Today, Dad found more welding that is going to need done. We also fitted the hose fittings back onto the sea cocks. Now, I am back at the hotel room and relaxing while Dad puts the second coat of primer on the boat.
Boy, All that mess. Pretty soon, we will be able to get the boat moved to a cleaner area away from all of that poisonous sand. As the sandblasting is wrapping up, Dad is prepping the cracks in the deck for primer and paint.
All the welding is done and we have to put two more coats of epoxy primer on the boat before the anti-fouling paint is put below the waterline.
We started to work on the boat last Friday. We drilled out some of the old steel fittings and replaced them with stainless steel ones. We also eliminated about six holes and are going to move them. It was a lot of welding and grinding.
The boatyard guy is also doing some sandblasting.
This is the first time the boat has been out of the water since 2005. There is some paint missing, but there in not that much damage. Even though we ran over a floating nun on the Ohio River at night, there is not one chip out of the steel! If that would have happened to a fiberglass boat, it would have cracked. Compare an army tank to an eggshell.
Today, We made it! We went to the beach on the opposite side of the Barrier Islands from Big Lagoon. We anchored the boat in Big Lagoon in the Intercoastal Waterway and took the dinghy over to the island. We crossed the sand dunes on a walkway and went out into the surf. There were four foot waves in the gulf. We rode the waves. It was a lot of fun!

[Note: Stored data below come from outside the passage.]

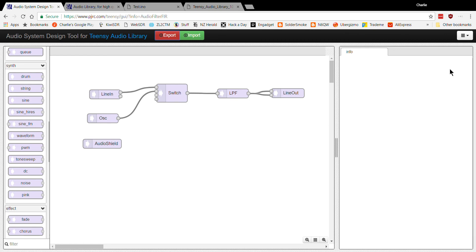Good morning. I want to spend some time talking about the Teensy PJRC Audio Library Design Tool. It's a tool used to understand how the library works, the various components, and how to set those components up within the Arduino integrated development environment to then load into the Teensy.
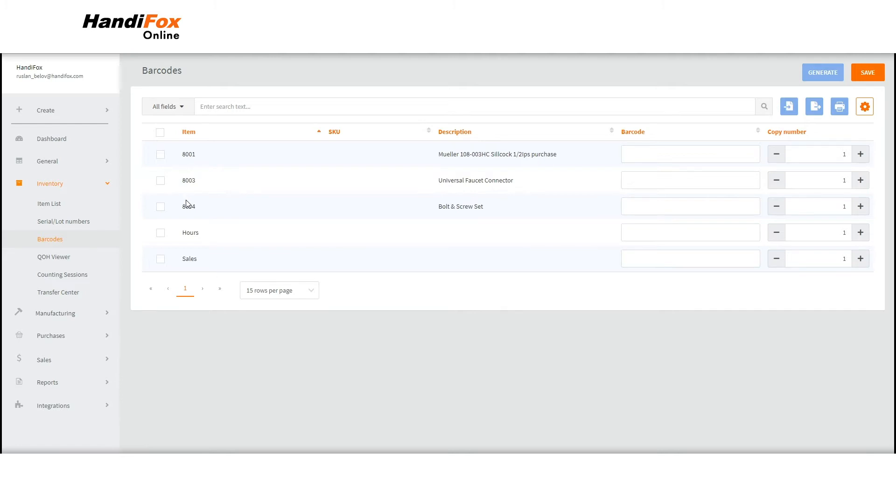Here, you'll see your entire item list with barcodes next to each product. If some or all of your items don't have barcodes, mark them and hit Generate to create barcodes.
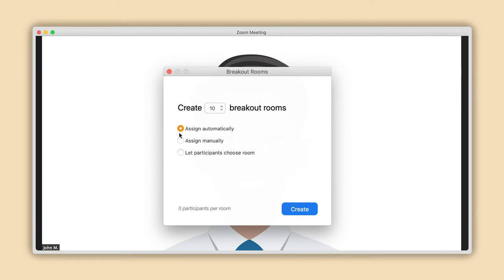The first option, Assign Automatically, is the easiest to use and is automatically pre-selected. This means Zoom will automatically distribute your participants into the desired number of rooms as evenly as possible.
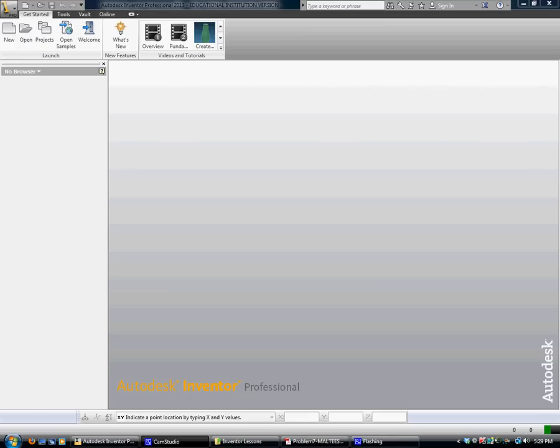All right, this tutorial will take you through how to draw and put your Maltese Cross, your first 3D drawing, just a basic simple one, in Inventor.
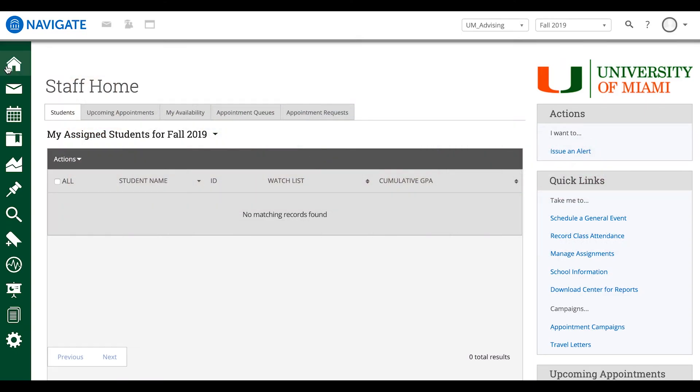Hey everybody, my name is Ashley. I'm from the Learning Platforms team and today I'm going to be showing you how to sync your Outlook calendar on Navigate through the new process.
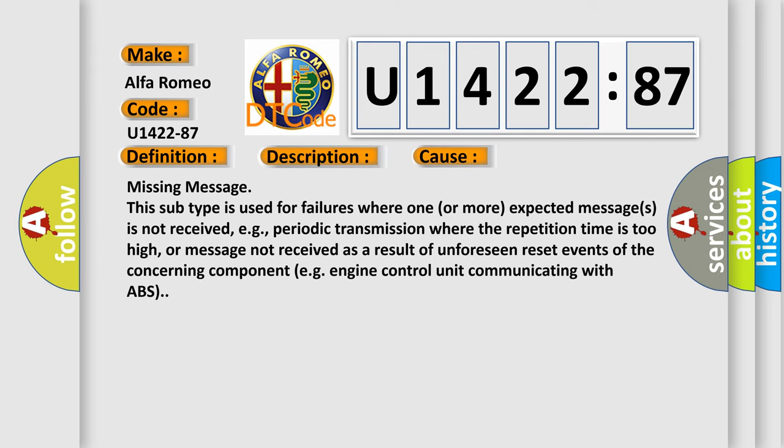This diagnostic error occurs most often in these cases. Missing Message: This subtype is used for failures where one or more expected messages is not received, e.g., periodic transmission where the repetition time is too high, or message not received as a result of unforeseen reset events of the concerning component, e.g., engine control unit communicating with ABS.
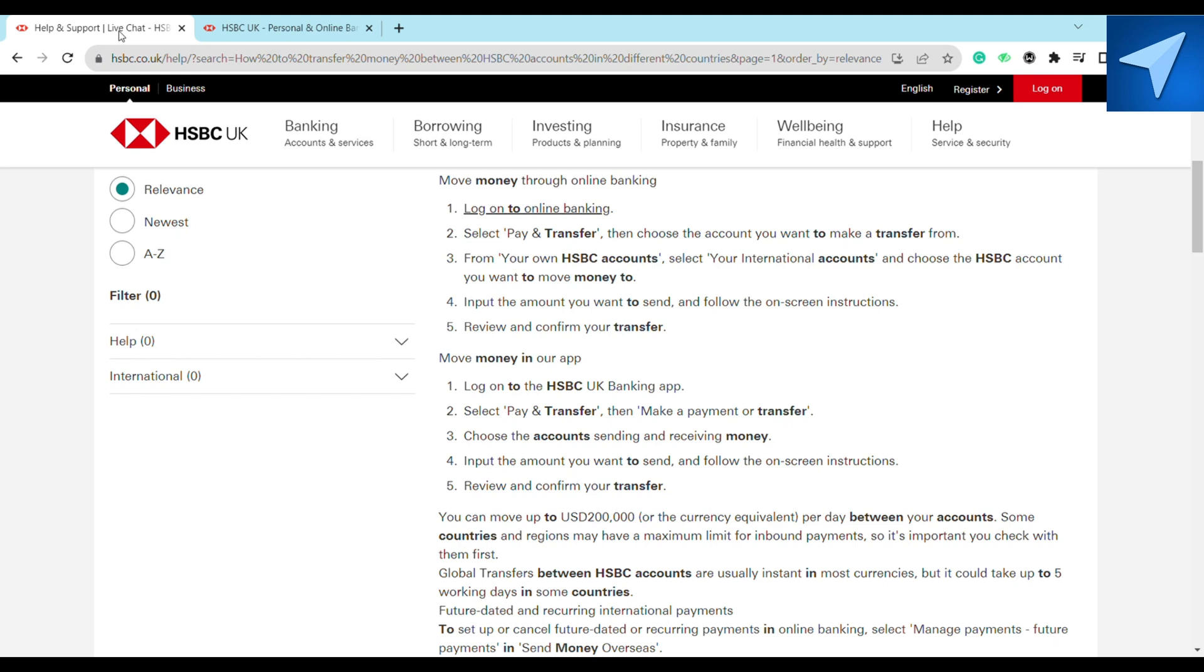After that, just input the amount that you want to send and follow the on-screen instructions afterwards. Once you follow all these instructions carefully, just review the transaction and after that just click on confirm. After that, you will be successfully able to complete the transaction from your HSBC to a different bank account.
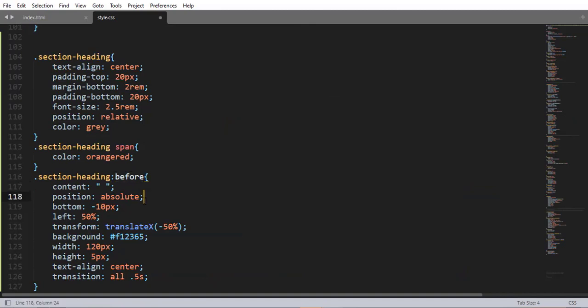Font-size 2.5rem, which is 2.5 times the global font size, color gray. Then using the span element selector inside section-heading, color orange-red.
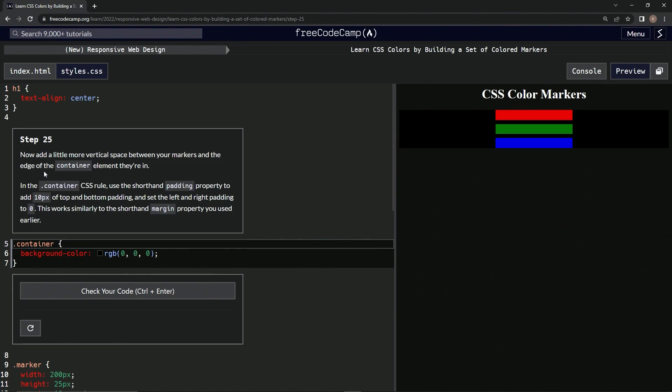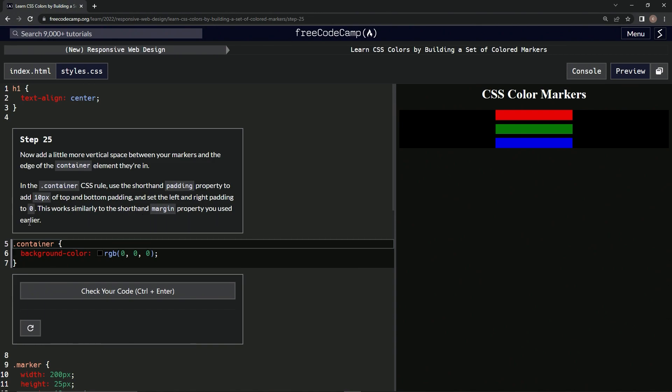We need to add space between the markers and the edge of the container element. In the container CSS rule, we're going to use the shorthand padding property to add 10 pixels to the top and bottom padding and set the left and right padding to zero. This works similarly to the shorthand margin property we used earlier.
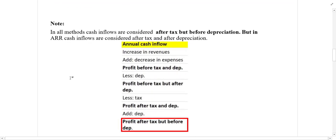One important note to remember: in all methods, cash inflows are considered after tax but before depreciation. This means the cash inflow figure used is profit after tax but before depreciation — which was the formula covered in the previous chapter for calculating annual cash inflow.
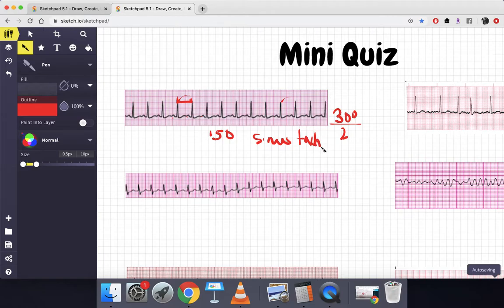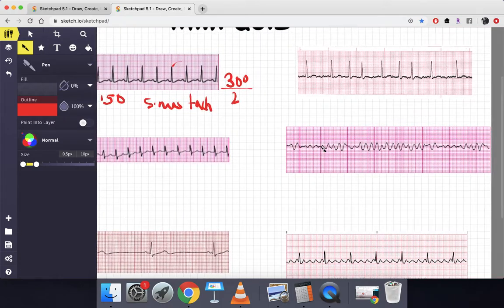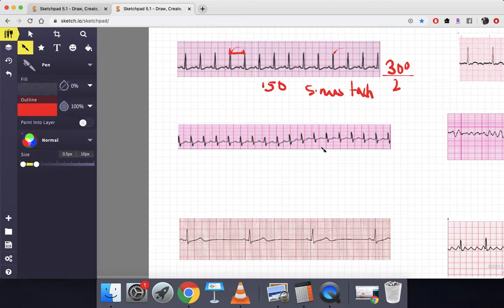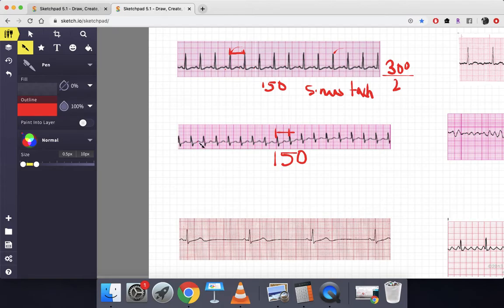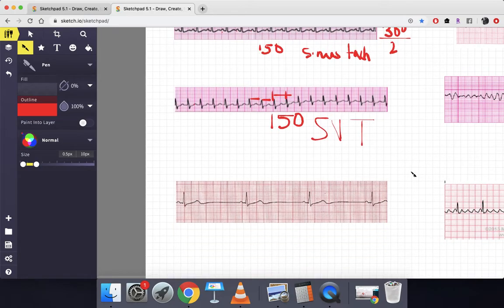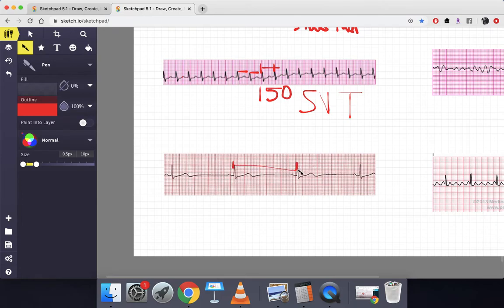Please pause the video to answer on your own. Next one: between the R intervals is two big boxes, so 300 divided by 2 is 150 — tachycardia. Are there any P waves? There seems to be a wave here, but if this is a P wave, this can't be the T wave for the previous complex, and if this is the T wave, there's no P wave for that complex. So when we have tachycardia, no clear P waves, and regular R intervals, this is supraventricular tachycardia.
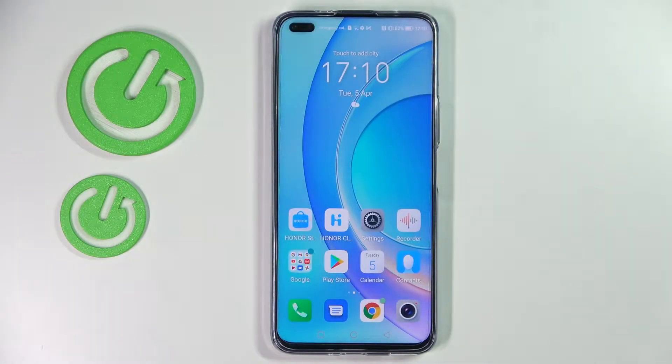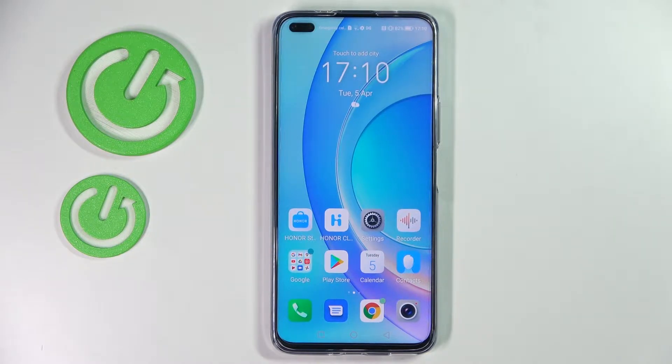Hi! In front of me is Honor 50 Light and today I would like to show you how you can download and apply animated live wallpaper called Magic Fluids.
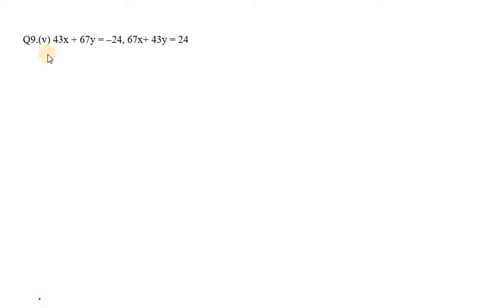Hello everyone, let's start with exercise 3.3. Here I am going to start with question number 9, fifth part. It says 43x plus 67y equals minus 24, and the other equation is 67x plus 43y equals 24.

On our way back from the beach, Dad noticed that the dinghy was missing. He swam 1/2 mile back to Aspiration. Aboard Aspiration, He drove until he found the dinghy. After that, He paddled the kayak over to the other bank and drove the dinghy to pick me up. Good thing it was not gone for good!
We are less than 100 miles from Mobile, Alabama! After that, there is about 30 miles to the Intercoastal Waterway. and about 50 Miles to Pensacola, Florida on the Intercoastal!
Sorry for the long wait. We have been very busy with locks.
A few days ago, we were still on the Tennessee River. While anchored overnight, because of the hydroelectric dam shutting down, the river level fell two feet. Due to that, the keel of the boat got stuck in the mud and it was leaning to the side when I got up in the morning.
The first thing we tried to get everything loosened up was walking back and forth on the boat to try to rock it. That did not work; we took the second anchor and put it into the dinghy. Dad tied a rope and fender to it so it could be retrieved. On the boat, we winched the set anchor, but the boat did not budge one inch. After that, Dad listened on the VHF marine radio and heard a nearby towboat. Dad contacted to towboat and some empty barges. The towboat crew saw us on the [Leaning] Aspiration on the side of the river. Finally, The towboat deckhand threw us a huge rope to tie to the cleat on our boat, gave us a big tug and back to floating. Hurray!
Even though the towboat captain said that we need to help each other out and it would have costed nothing, Dad threw the deckhand $200 as a thank you gift. $100 for each!